RECORDS FOR THIS EXERCISE —
____

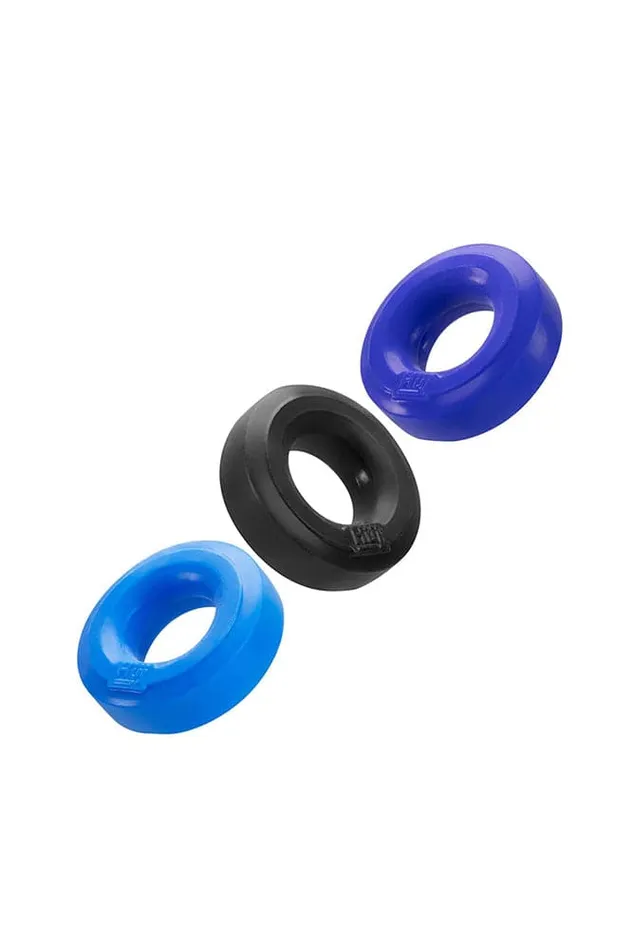 Oxballs Male Sex Toys OxBalls Hunky Junk 3Pack Cock Ring Set Blue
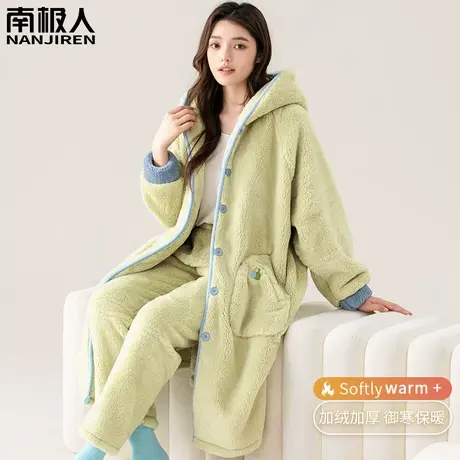 睡衣女款冬季珊瑚绒加绒加厚女士清美家居服睡袍秋冬款2023年新款图片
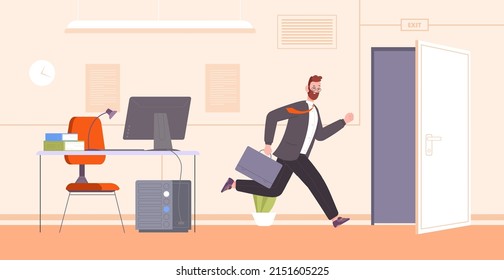 Employee run away office. Worker with suitcase leaving work desk running to exit door on lunch break or home way, end job time, staff workspace evacuation vector illustration of person away office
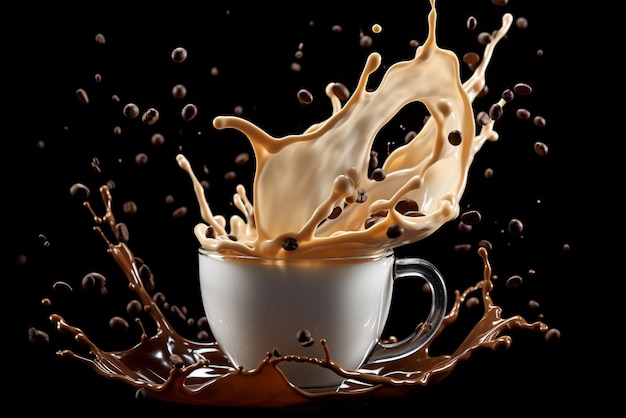 Photo milk coffee splash with coffee bean falling 3d on transparent background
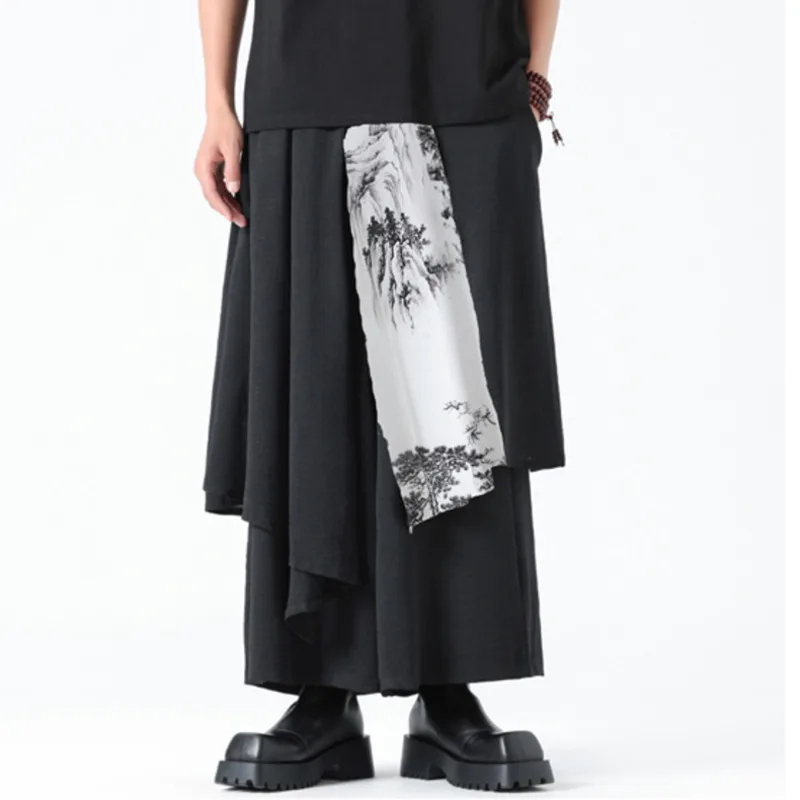 PFNW Chinese Style Men's Pants Printing Patchwork Irregular Menwear Casual Straight Wide Leg Loose Male Bottom Summer 12C284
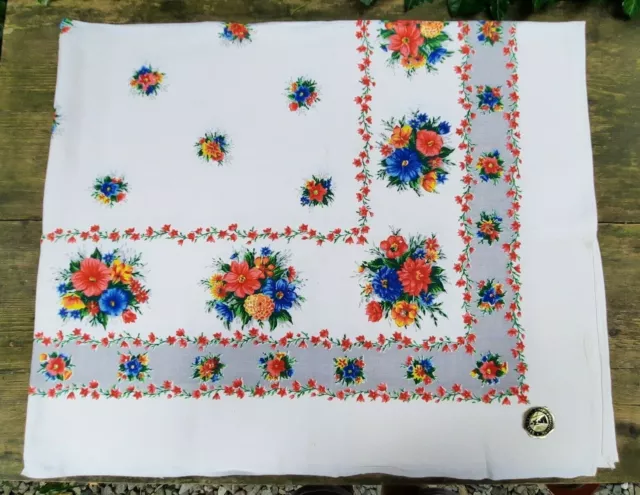 alte große Tischdecke bunte Blumen Original Künstlerhanddruck Leinendamast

____

TASK INSTRUCTIONS — Quote verbatim every line starting at the line that contains "Photo milk coffee" and ending with the last line of the records; omit all pictures.

RESULT OF THE EXERCISE —
 Photo milk coffee splash with coffee bean falling 3d on transparent background
 PFNW Chinese Style Men's Pants Printing Patchwork Irregular Menwear Casual Straight Wide Leg Loose Male Bottom Summer 12C284
 alte große Tischdecke bunte Blumen Original Künstlerhanddruck Leinendamast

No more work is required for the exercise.